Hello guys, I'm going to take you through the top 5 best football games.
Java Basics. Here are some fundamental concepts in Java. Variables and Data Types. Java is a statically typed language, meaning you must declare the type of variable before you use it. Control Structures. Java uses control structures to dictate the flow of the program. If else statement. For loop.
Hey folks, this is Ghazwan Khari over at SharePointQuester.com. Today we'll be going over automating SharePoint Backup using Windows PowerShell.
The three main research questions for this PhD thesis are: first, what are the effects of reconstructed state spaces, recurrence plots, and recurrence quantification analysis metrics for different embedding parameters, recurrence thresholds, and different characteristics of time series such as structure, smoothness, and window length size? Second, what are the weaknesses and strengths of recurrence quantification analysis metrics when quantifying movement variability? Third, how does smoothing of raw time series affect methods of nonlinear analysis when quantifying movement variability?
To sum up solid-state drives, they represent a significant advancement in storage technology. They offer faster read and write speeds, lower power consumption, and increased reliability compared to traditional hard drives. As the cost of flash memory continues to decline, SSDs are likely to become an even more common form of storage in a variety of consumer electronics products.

***

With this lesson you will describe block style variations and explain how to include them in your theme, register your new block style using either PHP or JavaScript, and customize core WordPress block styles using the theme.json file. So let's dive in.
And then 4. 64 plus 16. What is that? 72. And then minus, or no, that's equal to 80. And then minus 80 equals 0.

***

▶ _PROMPT_
Return a copy of each line of the material that holds the word "using".

▶ _TASK RESULT_
Hey folks, this is Ghazwan Khari over at SharePointQuester.com. Today we'll be going over automating SharePoint Backup using Windows PowerShell.
With this lesson you will describe block style variations and explain how to include them in your theme, register your new block style using either PHP or JavaScript, and customize core WordPress block styles using the theme.json file. So let's dive in.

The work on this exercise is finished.